O presidente Luiz Inácio Lula da Silva assinou, na tarde desta segunda-feira (6/4), medidas para conter a alta dos preços dos combustíveis provocada pelo conflito no Oriente Médio. As ações incluem a subvenção de R$ 0,80 por litro do diesel produzido no Brasil, redução de tributos sobre o biodiesel, criação de subsídio para o Gás Liquefeito de Petróleo (GLP) e apoio ao setor aéreo diante da elevação do preço do querosene de aviação.
Para o diesel, o governo adotará duas medidas.

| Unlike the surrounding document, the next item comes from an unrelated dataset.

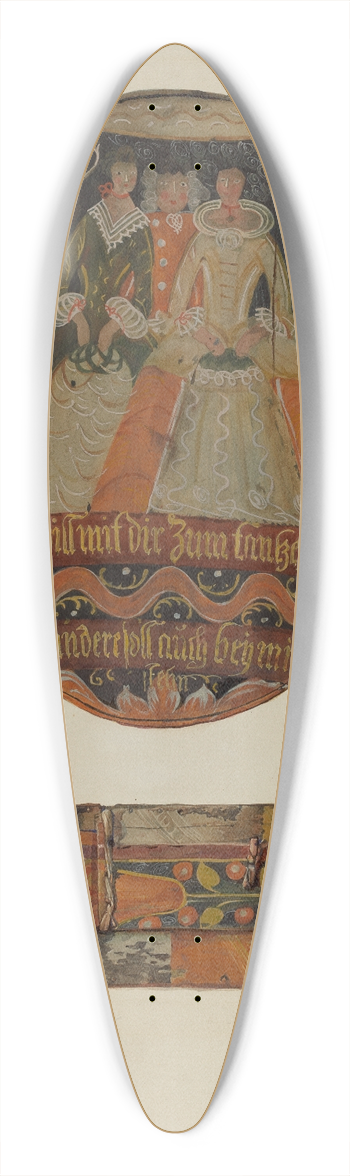Frances Lichten - Pa. German Brides Box 39.3 inch art pintail longboard deck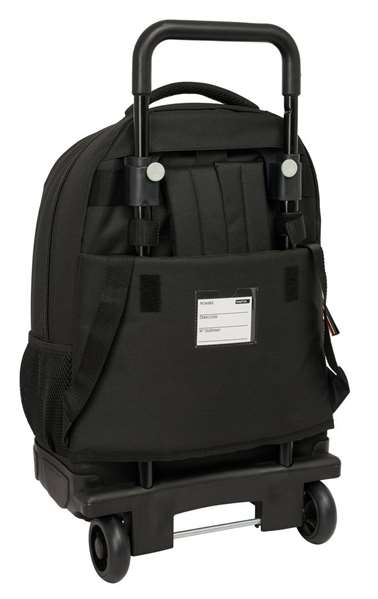 Safta Mochila Grande Con Ruedas Compact Extraible 33x45x22cm - Para Viajes y Escuela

A primeira é a subvenção de R$ 1,20 para o diesel importado em cooperação com os estados, com a União pagando R$ 0,60 por litro e os estados aderentes assumindo a outra metade. O benefício se soma ao subsídio de R$ 0,32 por litro criado em março e exige que os importadores ampliem o volume vendido e repassem o desconto aos consumidores.
A iniciativa terá validade mínima durante abril e maio de 2026, com custo estimado em R$ 4 bilhões, divididos igualmente entre União e estados. Até o momento, 25 unidades da Federação confirmaram participação.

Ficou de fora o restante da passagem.